- [Work order]: Print out the data precisely as it appears here, with no pictures.

- [Stored data]:

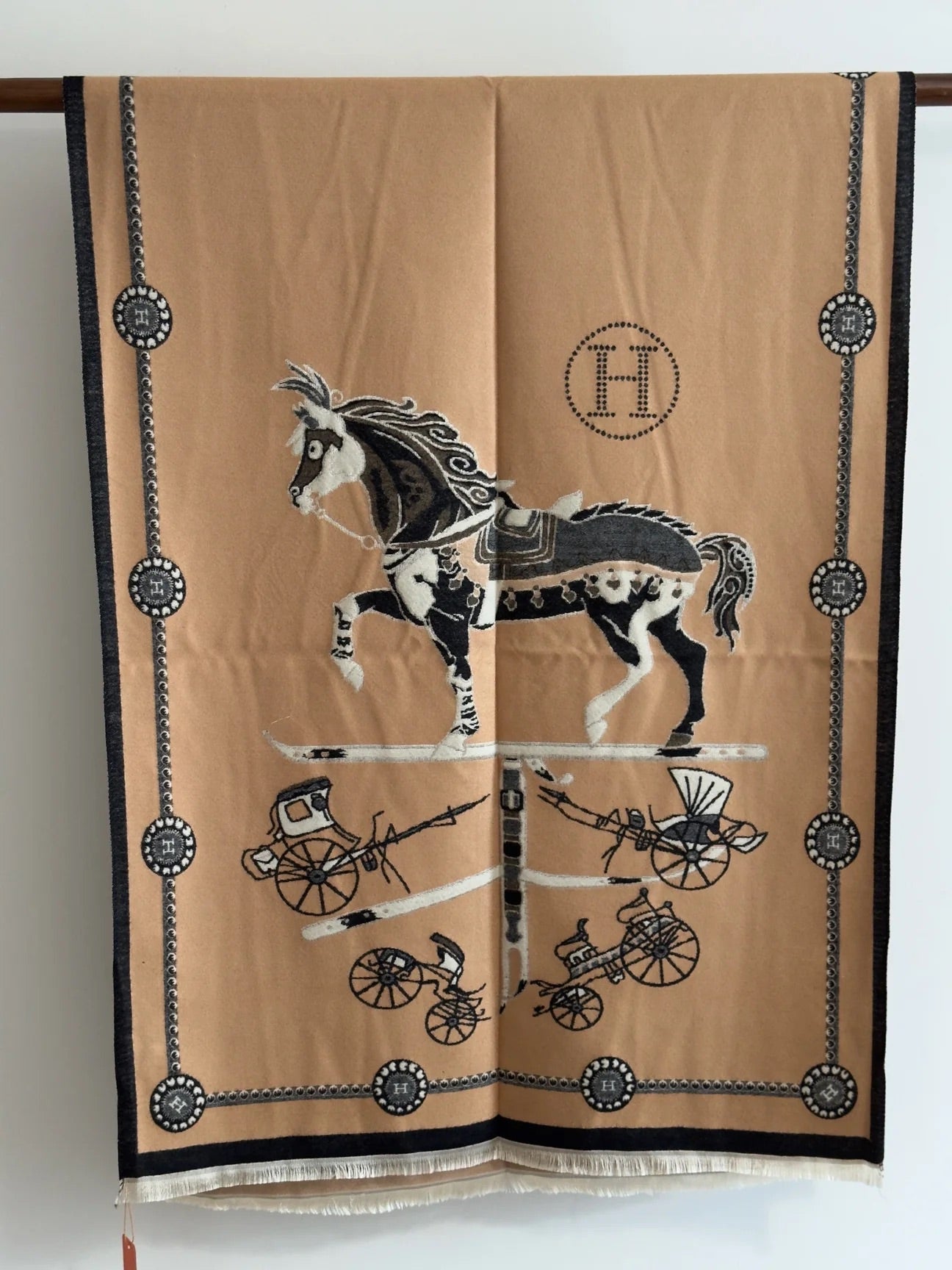 Hermès-Inspired Soft Shawl – Carriage Print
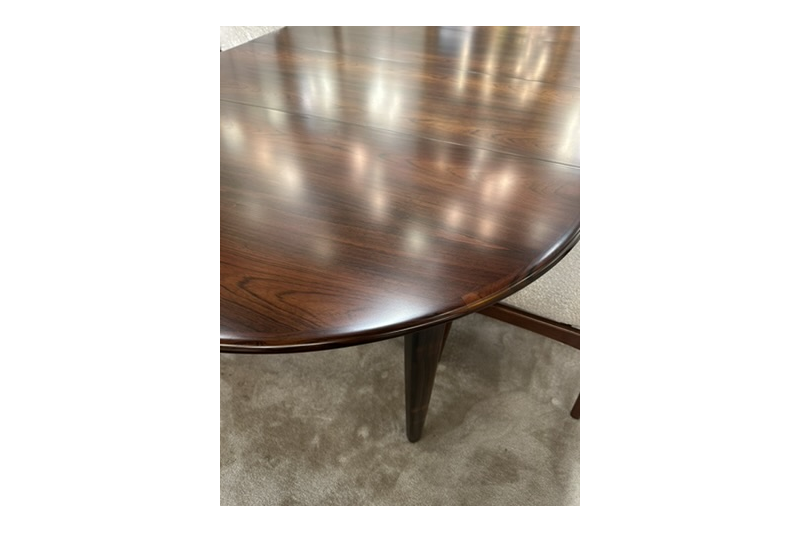 Table scandinave en palissandre pour 12 personnes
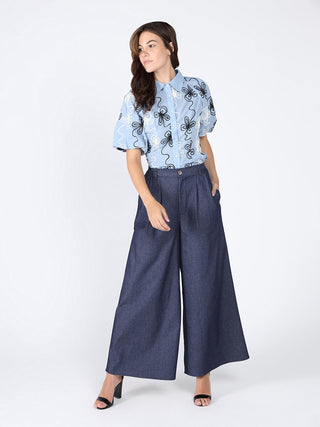 Flower stitch puffed sleeve shirt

- [Task answer]:
 Hermès-Inspired Soft Shawl – Carriage Print
 Table scandinave en palissandre pour 12 personnes
 Flower stitch puffed sleeve shirt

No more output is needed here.